::: ENTRIES SUPPLIED
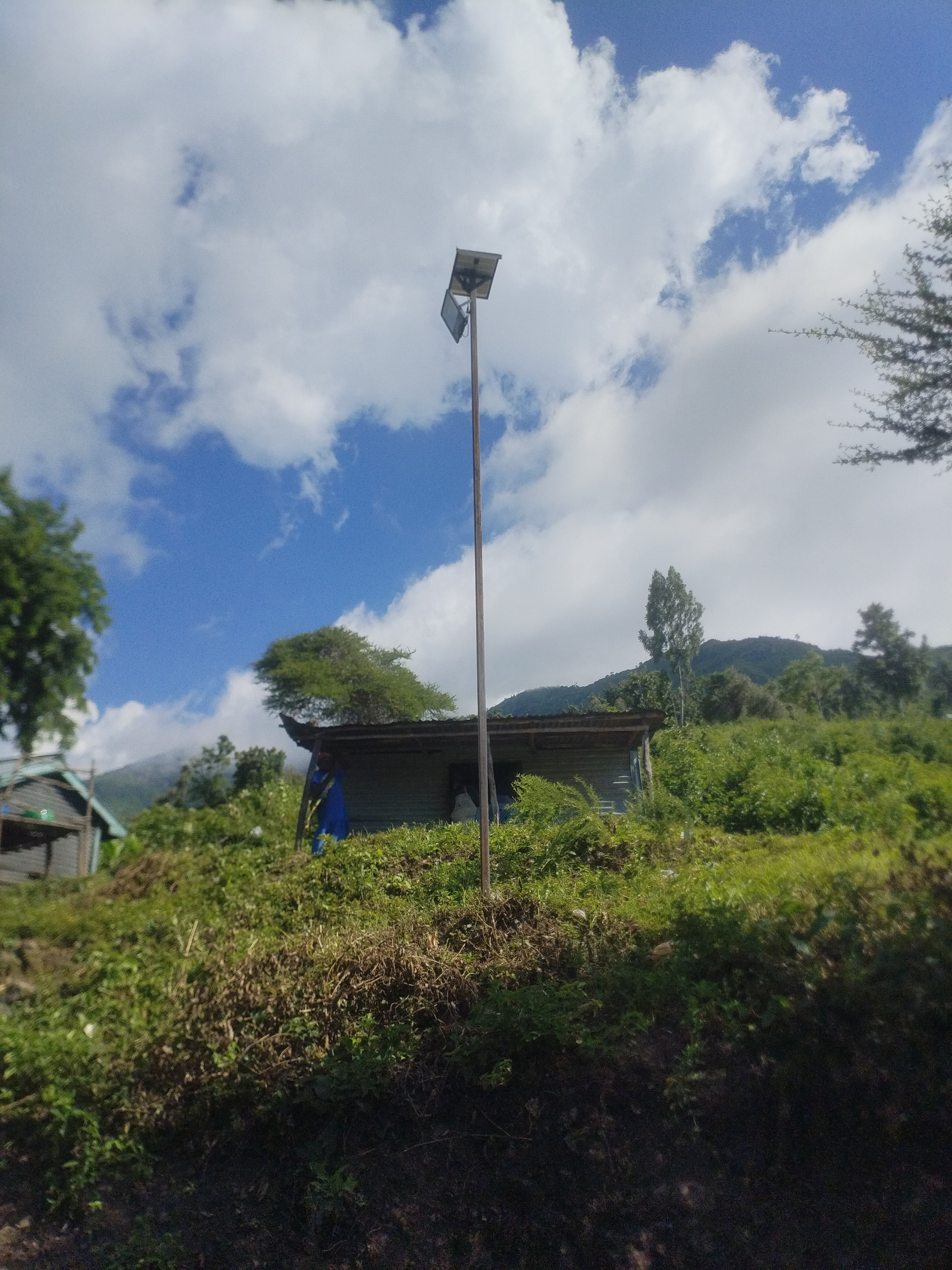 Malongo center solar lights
::::::
::: ENTRIES SUPPLIED
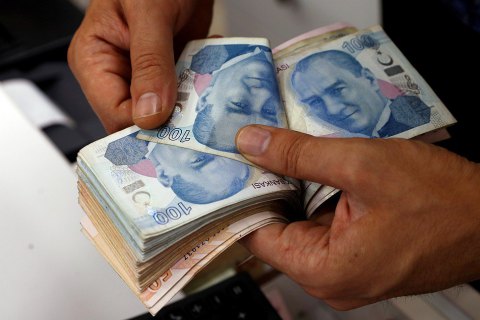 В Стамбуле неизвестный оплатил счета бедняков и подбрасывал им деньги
::::::
::: ENTRIES SUPPLIED
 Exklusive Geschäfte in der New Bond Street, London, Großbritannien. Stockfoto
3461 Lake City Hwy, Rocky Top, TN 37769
::::::
In the listing above, find the line with "Exklusive Geschäfte in" and the line with "3461 Lake City Hwy, Rocky Top, TN 37769", then print exactly those two lines and every line between them, and nothing more.

 Exklusive Geschäfte in der New Bond Street, London, Großbritannien. Stockfoto
3461 Lake City Hwy, Rocky Top, TN 37769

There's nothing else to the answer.